Wells Fargo (WFC) is an American national bank with a huge love for mortgages. Having survived the crash of 2008 and adding Wachovia to its arsenal; WFC is set up in a great place. Since emerging from the crash the company has continued to produce fantastic profits in the finance industry.
WFC reported its earnings in January. The current EPS stands at $3.36 a share. WFC saw year-over-year quarterly earnings growth of 23.90%. WFC achieved this growth with the help of the recovering housing market.
At a price of $35.08 (Thursday's close) and using current earnings, the company is trading at a P/E of 10.44. The annual growth for the next 5 years is estimated at 10.10%. This gives us a PEG of 1.03. From the PEG we get a "Fair market price" based on growth of about $34.05. Based on growth the stock is currently priced over by about one dollar.
Now that we see WFC is priced around its growth price let's look at the Graham Number. I know Graham has many other criteria in selecting a stock. However, at a quick glance the Graham Number alone is an excellent tool to gauge the value of a stock.
Square root of (22.5 x Earnings per Share x Book Value per Share)
Or Square root of (22.5 x 3.36 x 27.66) = $45.73
From this we get a Graham Number of $45.73. Conservatively, from a value standpoint, this is the most that should be paid for this stock.
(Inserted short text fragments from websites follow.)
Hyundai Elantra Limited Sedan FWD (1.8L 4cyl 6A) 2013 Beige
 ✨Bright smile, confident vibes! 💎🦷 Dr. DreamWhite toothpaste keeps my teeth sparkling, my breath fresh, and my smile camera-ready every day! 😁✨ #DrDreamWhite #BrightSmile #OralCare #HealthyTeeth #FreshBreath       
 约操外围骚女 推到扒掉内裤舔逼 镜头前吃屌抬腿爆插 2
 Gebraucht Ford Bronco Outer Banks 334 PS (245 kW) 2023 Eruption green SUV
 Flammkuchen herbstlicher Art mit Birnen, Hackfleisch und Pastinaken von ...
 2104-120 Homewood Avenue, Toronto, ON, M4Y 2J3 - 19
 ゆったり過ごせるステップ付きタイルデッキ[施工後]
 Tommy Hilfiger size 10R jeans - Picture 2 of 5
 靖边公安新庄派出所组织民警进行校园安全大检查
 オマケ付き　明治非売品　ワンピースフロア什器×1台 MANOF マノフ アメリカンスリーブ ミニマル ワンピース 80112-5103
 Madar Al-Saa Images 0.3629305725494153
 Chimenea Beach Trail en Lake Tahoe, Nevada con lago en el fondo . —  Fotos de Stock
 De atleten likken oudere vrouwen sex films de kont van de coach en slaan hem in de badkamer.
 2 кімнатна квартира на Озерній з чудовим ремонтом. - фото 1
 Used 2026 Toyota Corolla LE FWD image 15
Currently, based on the Graham Number the stock has a 30% upside.
After the market collapse of 2008, people simply still do not trust banks. This may be why the growth prospect of WFC is so low.
WFC hit a 52 week low on June 4th at $29.80 a share. Later WFC hit a 52 week high of $36.60 on September 14th; WFC has come back down since the high. It is currently floating between high 34's and low 35's.
To pick a stock I first look at the fundamentals of a company. Is the company making money and will it continue to do so in the future at a reasonable growth rate? I also check the Graham Number. If a price is considerably above the Graham Number I move on to the next candidate. I like to see the Graham Number lower than the PEG growth number. It shows me that the stock is still growing. I like it even better if the current price is below the Graham Number, the more conservative of the two. There are other things I look at but these are usually the first two.
I then look at the chart and try to gauge when a good time to buy is. I know I'm not going to buy the absolute bottom, but I'd like to come as close as possible. I also do not want to try and chase the stock as its rising or catch a falling knife.
WFC is a great long term investment that has great potential. The PEG is higher than the current price. On a nice pullback to around its 200 SMA (daily) or $33.38; would be a nice entry point. Two things to consider pertaining to growth with WFC; first, a dividend of $1.00, recently increased 14% after approval from the FED. Second, a handsome buyback, 200 Million shares or roughly 3.7% of float was announced late last year. These are two factors that can substantially add up over the long term.
WFC is trading considerably below its Graham Number. Also taking into account WFC has a one year expected price target of $39.28. At current levels there is a potential 12% upside. Factoring this in with a growing dividend and a share buyback that I suspect will continue, WFC is a solid stock for the long-term investor.
I have expressed only some of the criteria I use to decide if a stock is right for me. I always recommend conducting one's own research before making any investment decisions.